В подворотне — с дворником курила,
водку в забегаловке пила…
В той шарашке двое инвалидов
(в сорок третьем брали Красный Бор)
рассказали о своих обидах, —
вот был интересный разговор!
Мы припомнили между собою,
старый пепел в сердце шевеля:
штрафники идут в разведку боем —
прямо через минные поля!
Кто-нибудь вернется награжденный,
остальные лягут здесь — тихи,
искупая кровью забубенной
все свои небывшие грехи!
И соображая еле-еле,
я сказала в гневе, во хмелю:
«Как мне наши праведники надоели,
как я наших грешников люблю!»
Это совершенно гениальные стихи, хотя дневниковые и корявые немного, и в общем ни на что не претендующие. Но в них есть вот это чувство все-таки сопричастности, чувство, кстати, очень присущее и Твардовскому, с которым она дружила, они ровесники, он с десятого года. Вот есть это чувство все-таки родства, все-таки сопричастности к народу. Ну правда, тогда еще был тот народ, сопричастностью к которому можно было гордиться. Вырождение шло очень быстро, и она сама тому свидетель, но те настоящие люди, с которыми она бедовала в блокаду, они действительно ее еще окружали.
Когда Ахматова в стихотворении «Так не зря мы вместе бедовали» говорит: «Вместе с вами я в ногах валялась у кровавой куклы палача», — она преувеличивает свою вину и общность свою с теми, кто валялся в ногах. Она все-таки была совершенно отдельно. И у нее вообще был опыт этой отдельности. А Берггольц наоборот, мне кажется, сумела состояться именно благодаря тому, что всегда ощущала себя одной из многих. У нее не было той гордыни, которая была ахматовской опорой.
Кстати говоря, может быть, именно отсутствие этой гордыни, именно отсутствие этой уверенности (а в дневниках оно тоже очень чувствуется), оно и привело к тому, что Берггольц фактически спивалась с пятидесятых годов до середины семидесятых, писала все реже. Написала только первую замечательную часть автобиографической повести «Дневные звезды», но написать вторую, про войну и про блокаду, и про лагерь — ну не про лагерь, а про пребывание свое в «Крестах» — она уже не смогла. Не смогла, может быть, конечно, не из-за болезни психической, не смогла скорее из-за заведомой непубликабельности этого. А может быть, ей не хватало чувства ахматовской правоты, той высоты, с которой можно было бы писать.

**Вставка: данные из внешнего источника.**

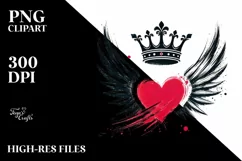 Simple Paintbrush Style Heart with Wings and Crown PNG Product Image 2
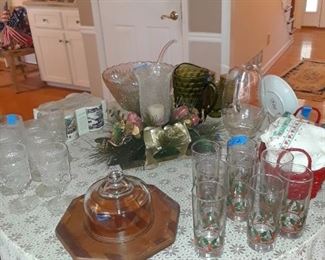 Cheese dome and tray, Christmas centerpiece, Christmas towels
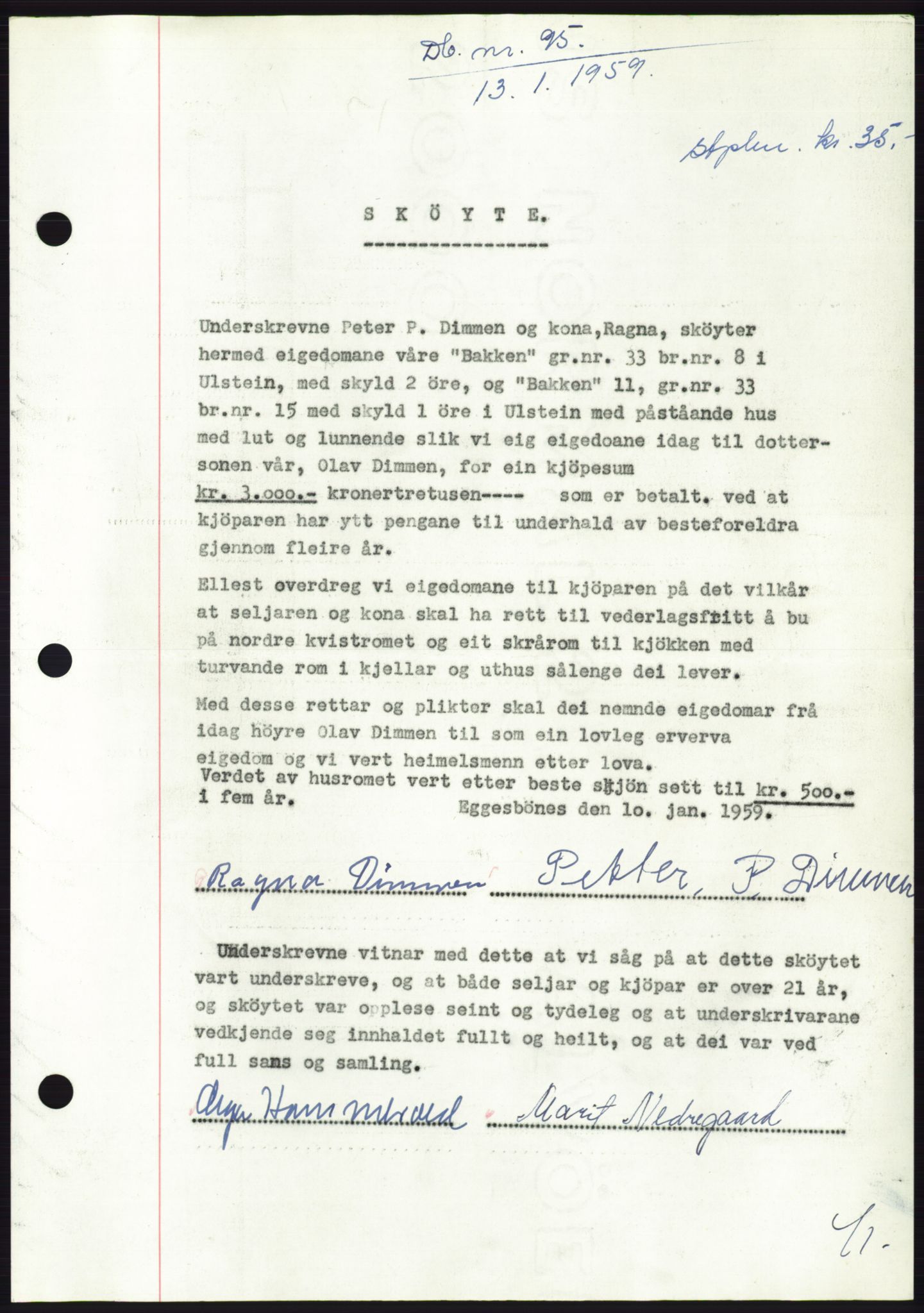 Søre Sunnmøre sorenskriveri, SAT/A-4122/1/2/2C/L0111: Pantebok nr. 37A, 1958-1959, Dagboknr: 95/1959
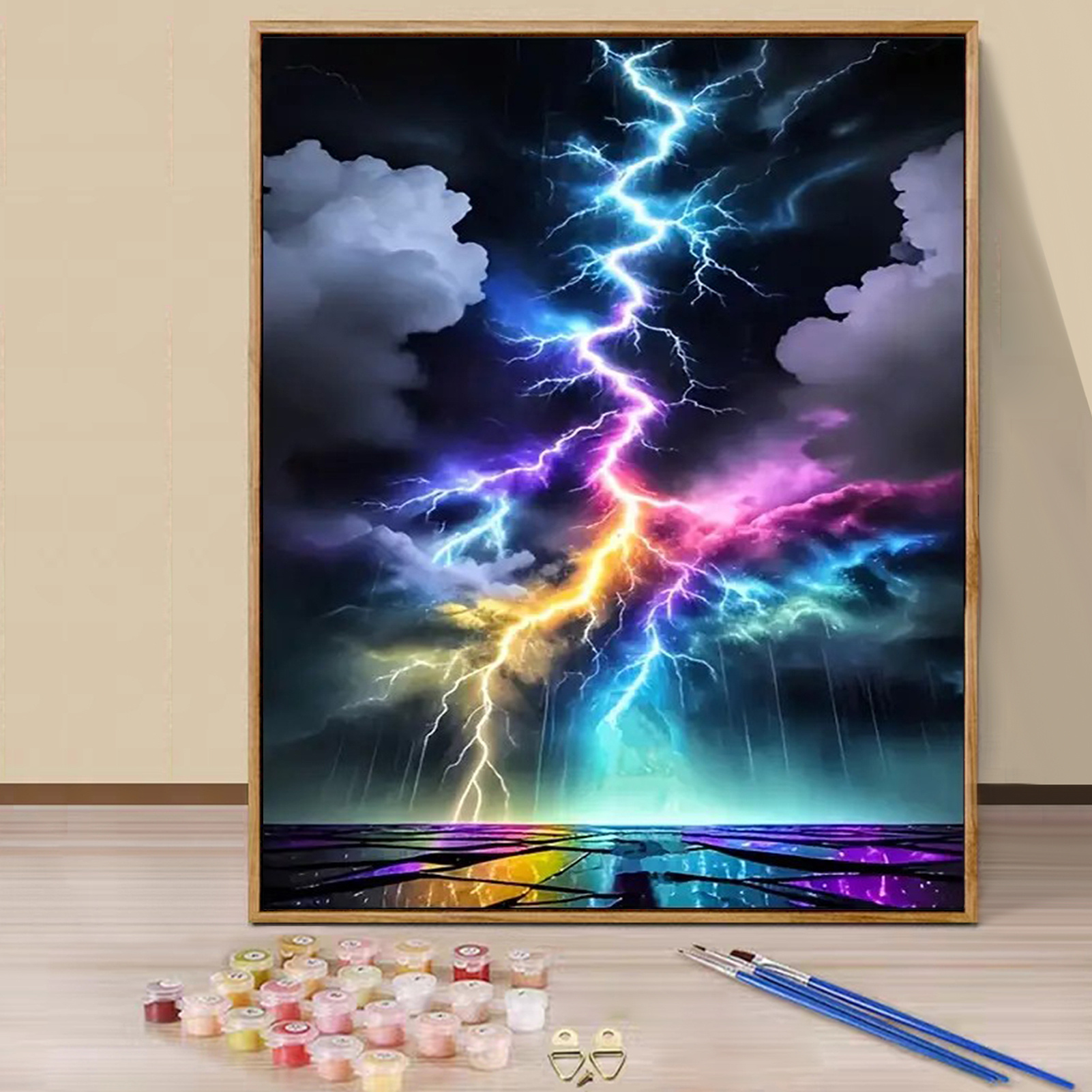 

Diy Paint By Numbers Kit For Adults - 16x20" Lightning Scene | & Acrylic Painting Set With Canvas, Brushes & Paints | Home | , Painting Supplies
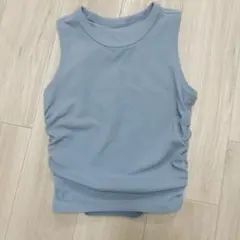 ブルータンクトップ サイドギャザー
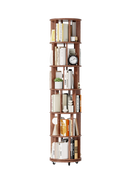 100%Solid Wood Rotating Bookshelf on Wheels, 6 Tier, Round Revolving Bookcase, 360° Spinning Book Shelf Tower for Kids, Narrow Rolling Bookshelves for Small Space, Corner, Bedroom, Office, Walnut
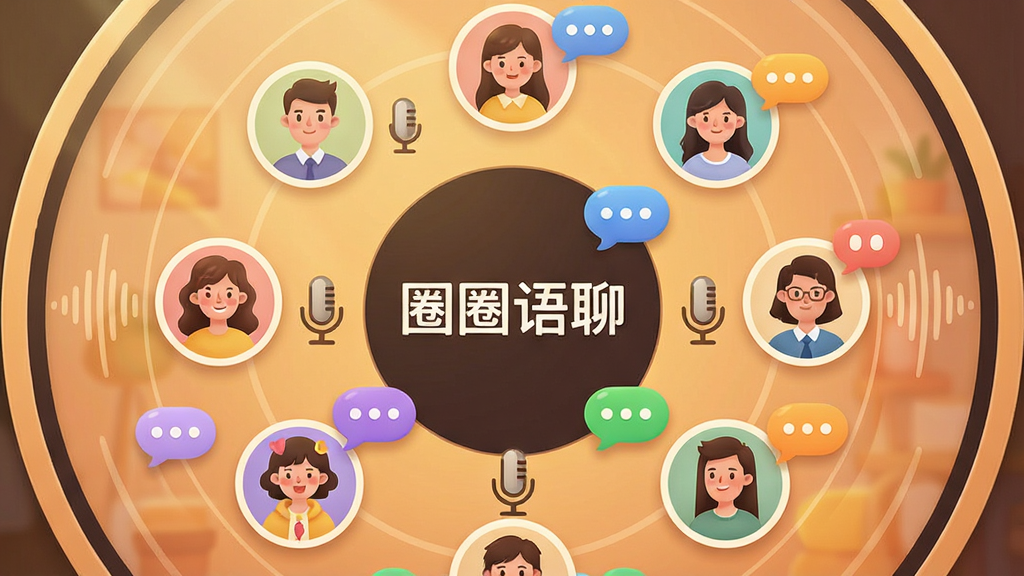 一张表现多人语音聊天场景的图片,画面主体是一个圆形语音房间界面,中央显示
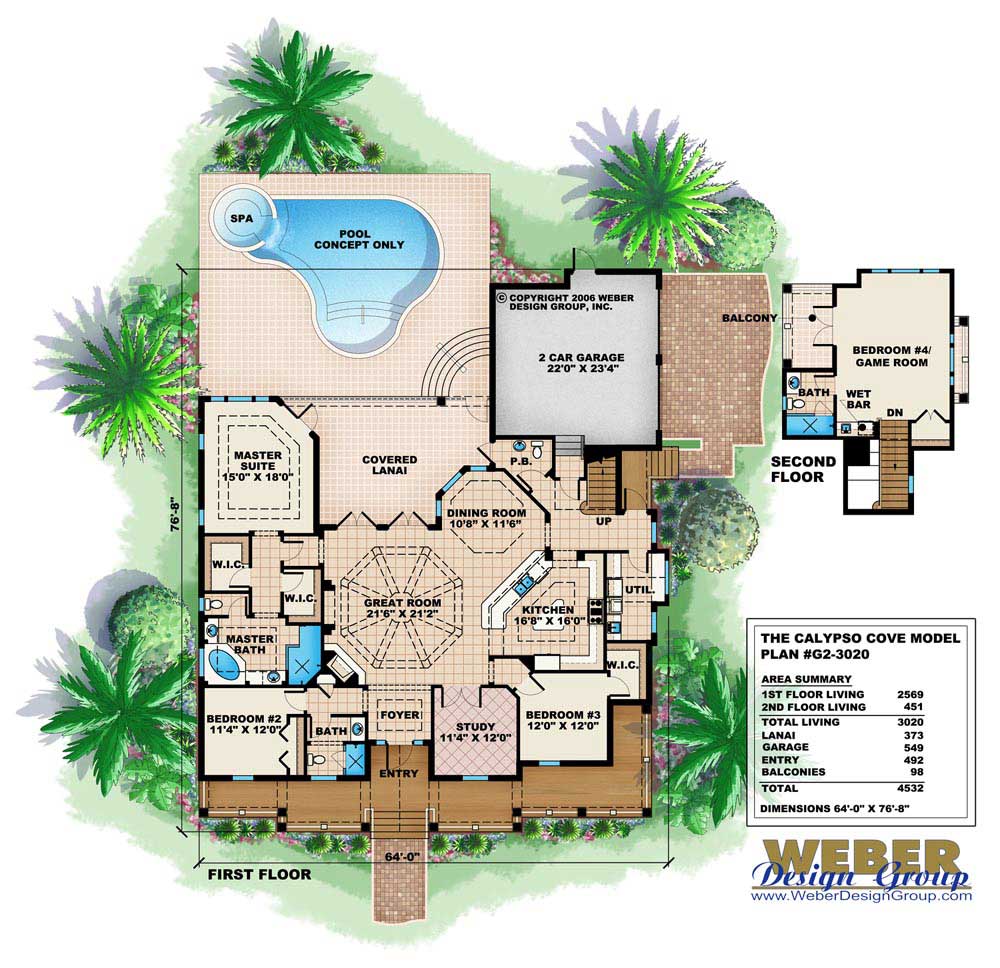 Floor Plan First Story of Florida Style Plan #175-1024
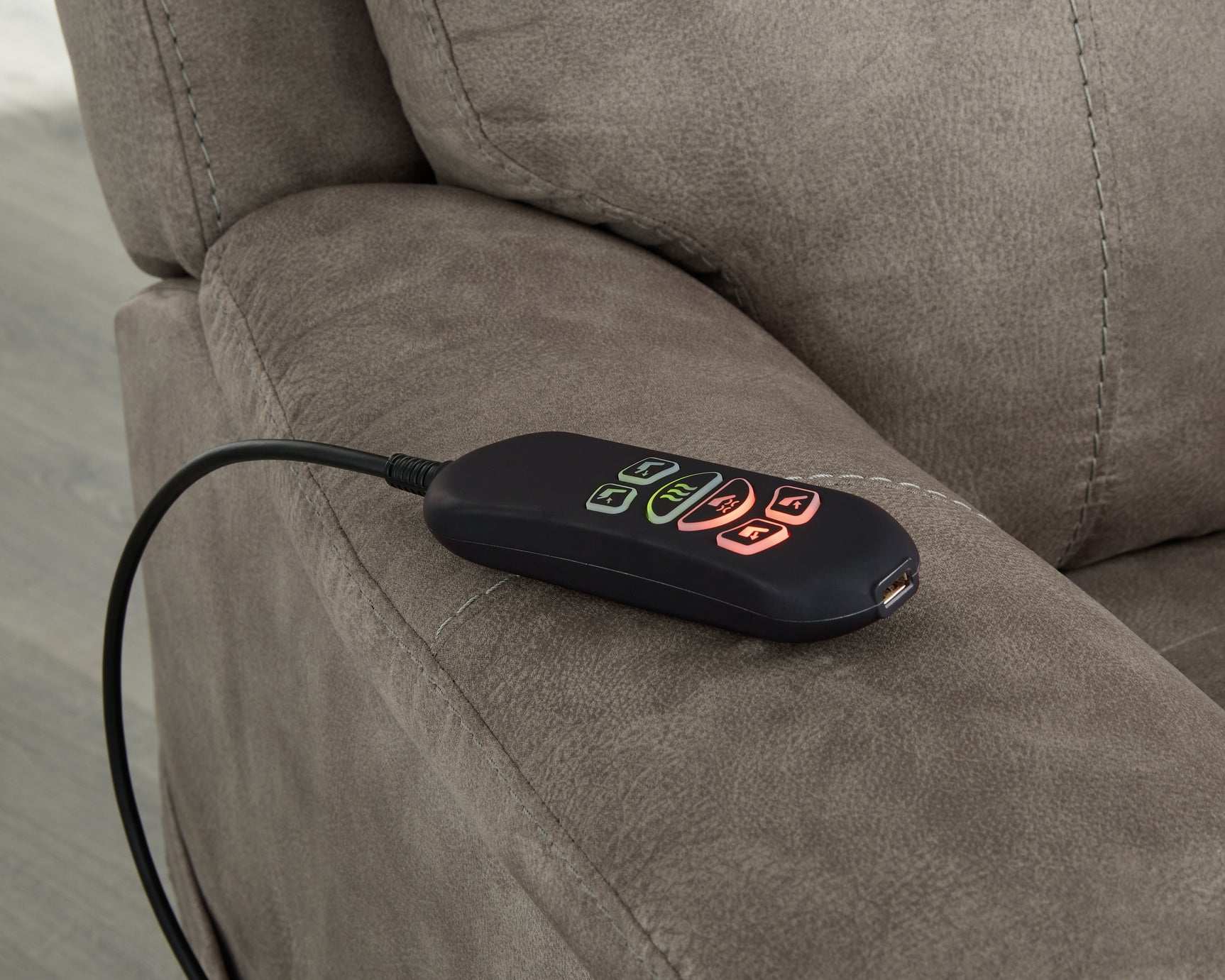 Detail of control wand on Crestmeade Fossil Faux Leather Power Lift Recliner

Берггольц показала удивительную закономерность, она показала, что настоящий советский человек, идеальный советский человек, может выдержать войну, может выдержать любые испытания, но не выдерживает скуки, пустоты и страха. Не выдерживает безвременья. И, может быть, поэтому нация сумела доблестно и прекрасно победить, но стала гнить и разлагаться в последующее время, когда такого масштаба испытаний уже не было. Берггольц действительно достигла своего высшего творческого расцвета в стихах после тюрьмы и в блокадных ленинградских стихах. Несколько шедевров у нее еще было в первой половине пятидесятых. После этого, когда по сути дела стагнировала и гнила вся страна, у нее совершенно исчез какой-либо стимул писать, печататься, жить. В шестьдесят первом она развелась с Макогоненко, хотя продолжала с ним общаться до конца.
Вообще последние десять лет ее жизни — это мука мученическая. И самое главное, что и когда умерла-то она, о ее смерти сообщили несколькими скупыми строчками, потому что опасались демонстраций, опасались, что блокадники придут почтить своего поэта. А это еще был год тридцатилетия Победы, она умерла в семьдесят пятом, в шестьдесят пять лет. И вот когда ее пришли почтить, то ее фактически спрятали от города. Единственный человек, кроме многочисленных начальников и стукачей, которому удалось какие-то искренние слова сказать на ее могиле, был Федор Абрамов. В остальном ее смерть попытались всячески забыть. Это, конечно, не зря она говорила в свой последний день рождения: «Шестьдесят пять лет! Кажется, на мне кавказский горный хребет». Действительно, на нее страшно много было нагружено жизнью, и страшный гнет, который другого человека бы расплющил.
Вообще когда я думаю о том, что все-таки советский проект состоялся, мне в первую очередь приходят на память такие люди, как Берггольц. Вот этот чудесным образом осуществившийся колоссальный поэт, который, несмотря на все свои заблуждения, которые она потом прекрасно осознавала, в которых она каялась, все-таки отличался удивительной подлинностью человеческого материала, удивительной подлинностью своего Я.